BEGIN RECORDS FOR THIS EXERCISE

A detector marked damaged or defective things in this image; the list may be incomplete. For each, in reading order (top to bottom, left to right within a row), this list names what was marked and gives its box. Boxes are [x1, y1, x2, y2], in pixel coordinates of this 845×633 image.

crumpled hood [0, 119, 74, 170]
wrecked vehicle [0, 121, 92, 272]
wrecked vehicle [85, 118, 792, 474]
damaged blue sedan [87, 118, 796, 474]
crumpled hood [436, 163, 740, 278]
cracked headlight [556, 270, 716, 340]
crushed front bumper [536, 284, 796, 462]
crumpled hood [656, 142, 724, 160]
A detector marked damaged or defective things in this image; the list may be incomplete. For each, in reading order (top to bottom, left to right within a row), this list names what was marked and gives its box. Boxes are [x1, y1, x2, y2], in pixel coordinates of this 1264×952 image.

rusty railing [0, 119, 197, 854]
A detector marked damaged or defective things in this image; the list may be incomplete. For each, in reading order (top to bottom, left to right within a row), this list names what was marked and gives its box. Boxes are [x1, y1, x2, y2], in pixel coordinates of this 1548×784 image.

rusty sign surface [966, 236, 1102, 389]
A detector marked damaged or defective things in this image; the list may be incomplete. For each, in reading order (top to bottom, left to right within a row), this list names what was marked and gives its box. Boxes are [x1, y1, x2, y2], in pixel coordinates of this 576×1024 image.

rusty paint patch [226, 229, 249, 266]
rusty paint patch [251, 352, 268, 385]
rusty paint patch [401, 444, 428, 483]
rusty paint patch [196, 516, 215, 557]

END RECORDS FOR THIS EXERCISE

WORK REQUIRED.
All that is needed is the line containing "this 576×1024 image." and each line after it to the end of the data above, set down exactly.

EXERCISE RESPONSE.
A detector marked damaged or defective things in this image; the list may be incomplete. For each, in reading order (top to bottom, left to right within a row), this list names what was marked and gives its box. Boxes are [x1, y1, x2, y2], in pixel coordinates of this 576×1024 image.

rusty paint patch [226, 229, 249, 266]
rusty paint patch [251, 352, 268, 385]
rusty paint patch [401, 444, 428, 483]
rusty paint patch [196, 516, 215, 557]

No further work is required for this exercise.